Just doing some reading came across it and thought it would be nice so i asked, no special reasons but now i'm curious lol



IrishLass said:


> I've never tried baby powder in soap, but adding rice starch is on my list to try adding to a batch of soap. I decided I wanted to try doing so after having used a soap with rice starch in it while on vacation. It had a lovely, silky feel to it.
> 
> 
> IrishLass


sounds good. I was reading up on corn meal in soap as well looks ike a good exfoliant


----------



## cmzaha (Oct 19, 2018)

Alanatt said:


> Just doing some reading came across it and thought it would be nice so i asked, no special reasons but now i'm curious lol


The baby powder might give a silky feel like IL mentioned above.



Alanatt said:


> sounds good. I was reading up on corn meal in soap as well looks like a good exfoliant


I find cornmeal to be quite scratchy. But you just have to try in small batches to decide what you like


----------



## Alanatt (Oct 20, 2018)

cmzaha said:


> The baby powder might give a silky feel like IL mentioned above.
> 
> 
> I find cornmeal to be quite scratchy. But you just have to try in small batches to decide what you like



Thanks for that info. I will blend the cornmeal some more to get it a little more powdery. It may relieve some of the scratchiness. And since the baby powder is mainly cornstarch and it was mentioned it acts like a scent fixative i'll use that in place of clays (which are extremely hard to get here in Trinidad) and see how the scents hold.

Thanks so much you guys


----------



## Dawni (Oct 21, 2018)

IrishLass said:


> I've never tried baby powder in soap, but adding rice starch is on my list to try adding to a batch of soap. I decided I wanted to try doing so after having used a soap with rice starch in it while on vacation. It had a lovely, silky feel to it.
> 
> 
> IrishLass


Anything from rice gives a nice feel to the soap and is apparently very good for your skin.
I once tried triple rice with rice water, rice flour, and ground up rice.. It was so nice to use. It's on my to do list to, for eventually lol

Sorry I strayed away lol


----------



## Zany_in_CO (Oct 21, 2018)

I went nuts once using all kinds of starches and other dry ingredients to soap. I used 1 tsp to 1 Tbls PPO to bulk up soaps with a high % of liquid oil. Bob's Red Mill Potato Starch was my favorite. It not only added silkiness but boosts  lather as well.

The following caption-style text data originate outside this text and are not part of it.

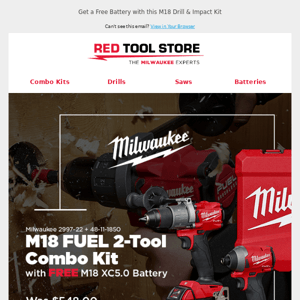 M18 FUEL Drill & Impact Kit + FREE Battery Added On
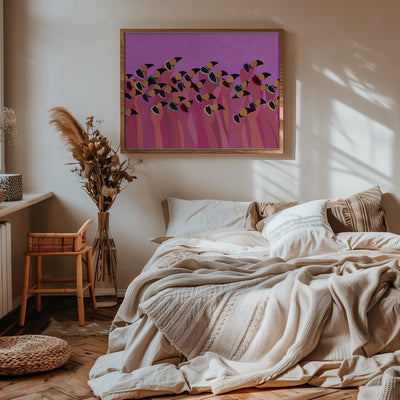Flock flamingo pink - Stretched Canvas, Poster or Fine Art Print I Heart Wall Art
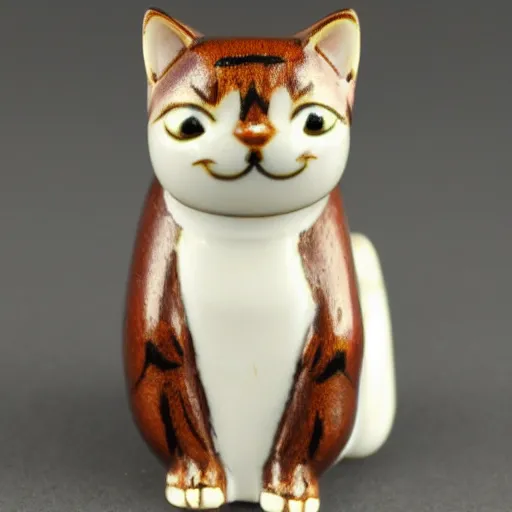 Image similar to elegant anthropomorphic cat figurine wearing a kimono, cast brown resin, toggles, very highly detailed, intricate, monotone, shy looking down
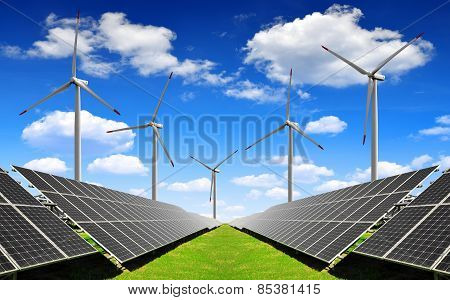 solar energy panels and wind turbines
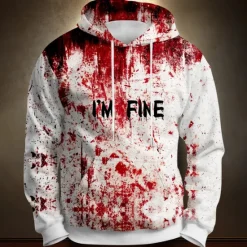 Sale OUKU Halloween Men's 3D Blood stains Hoodies Sweatshirt Punk Exaggerated Long Sleeve Crew Neck Club Streetwear White 1 White Drawstring Fall Winter Designer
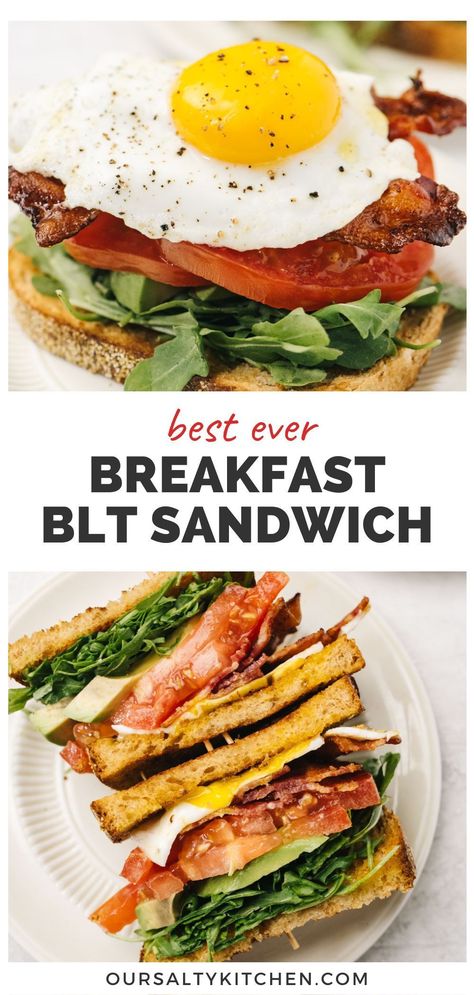 Egg Blt Sandwich, Salted Tomatoes, Blt Breakfast Sandwich, Turkey Bacon Breakfast Sandwich, Gothic Southern, Bacon Breakfast Sandwich, Breakfast Blt, Blt Sandwich Recipes, Healthy Breakfast Sandwich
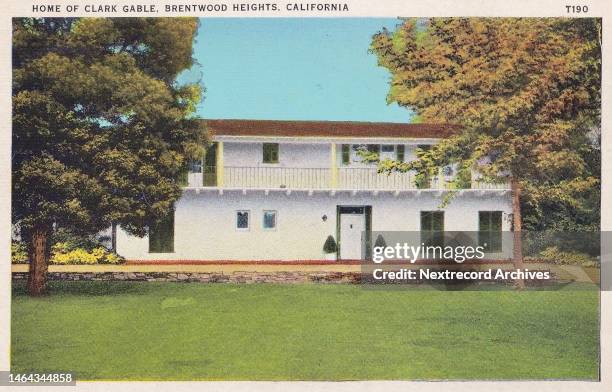 Vintage souvenir postcard published circa 1937 from the Homes of the Stars series, depicting mansions and grand estates of Hollywood celebrities in...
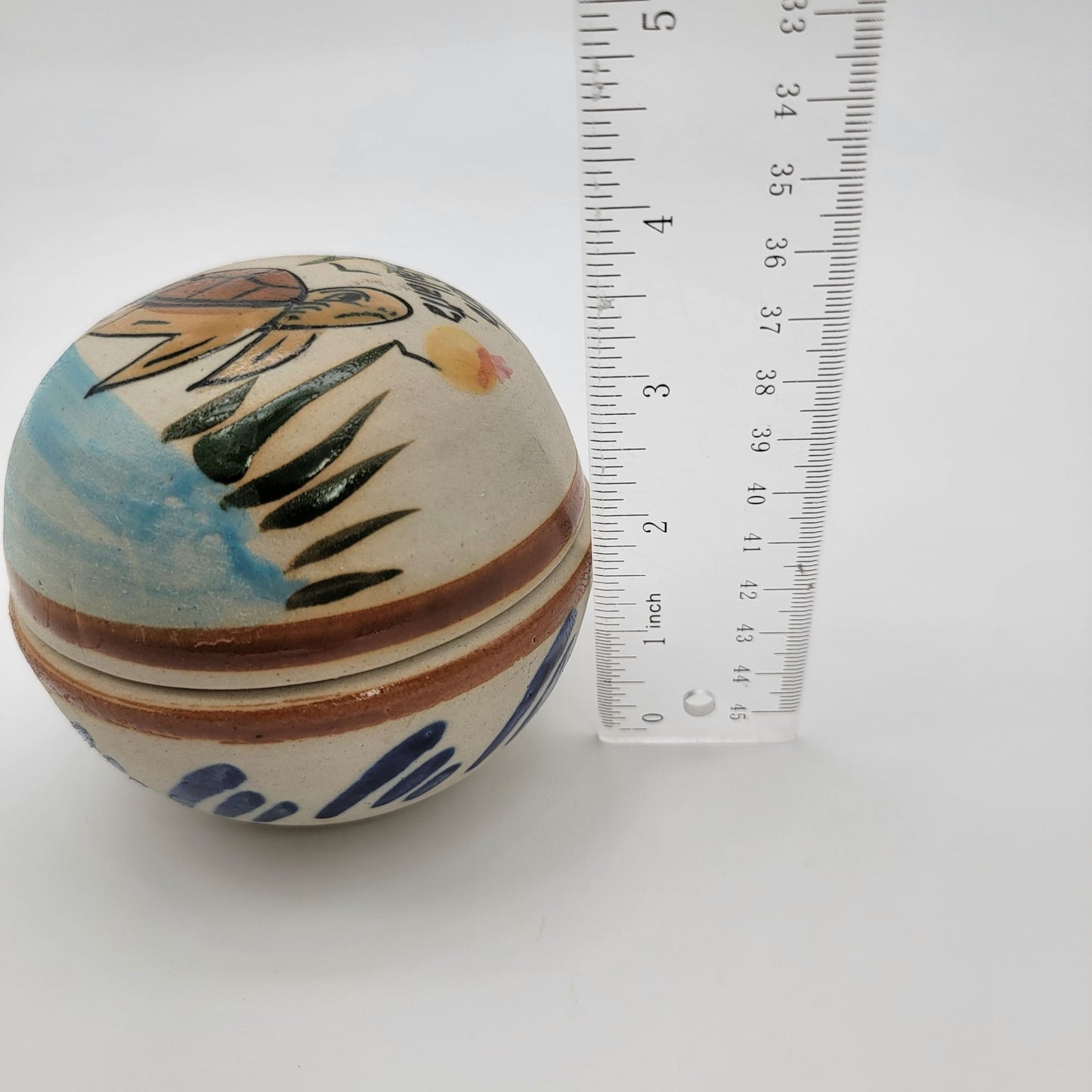 Vintage Tonala Pottery Sea Turtle Trinket Box Signed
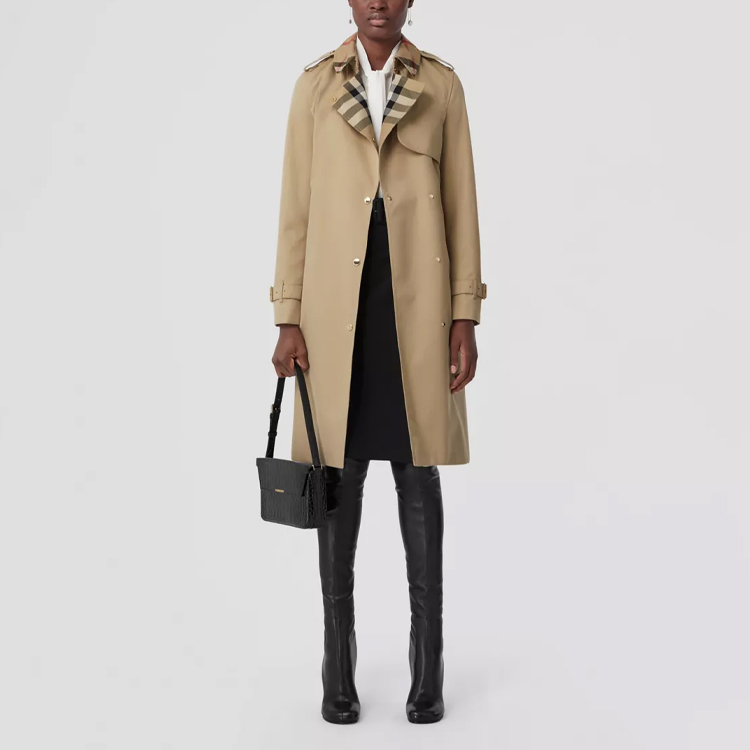 (Women) Burberry FW22  Trench Coat with Belt and Check Collar in Khaki. 80607351 圖 3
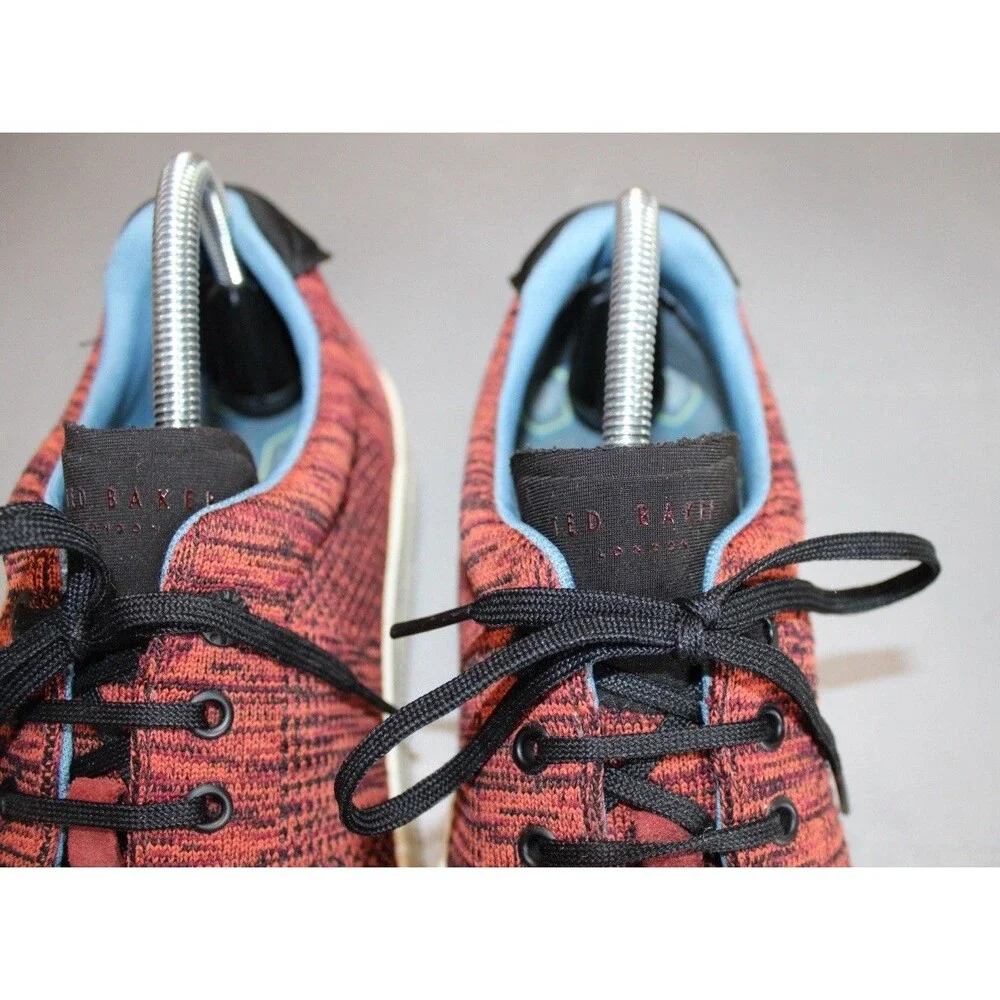 TED BAKER LONDON Chinat Red Black Knit Sneakers Men’s US 8.5 EU 41.5 Casual‎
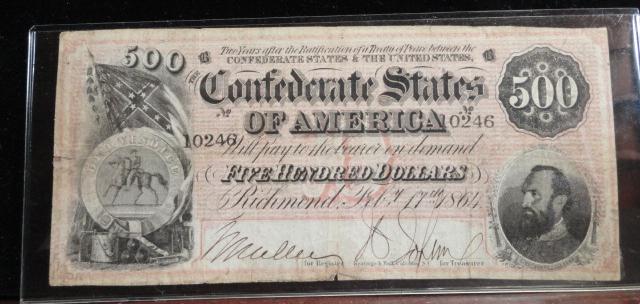 CONFEDERATE STATES OF AMERICA 1864 500 DOLLAR NOTE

ETA: Just for fun, try using potato water, rice water, pasta water to make the lye solution --also adds a silky feel and boosts lather... or was it just my imagination?


----------



## Alanatt (Oct 21, 2018)

Zany_in_CO said:


> I went nuts once using all kinds of starches and other dry ingredients to soap. I used 1 tsp to 1 Tbls PPO to bulk up soaps with a high % of liquid oil. Bob's Red Mill Potato Starch was my favorite. It not only added silkiness but boosts  lather as well.
> 
> ETA: Just for fun, try using potato water, rice water, pasta water to make the lye solution --also adds a silky feel and boosts lather... or was it just my imagination?


ooooo that sounds like a great experiment. i'm gonna try that for sure


----------



## amd (Oct 24, 2018)

I'll vouch for rice water. Made a batch with it this summer, and it is super silky.


----------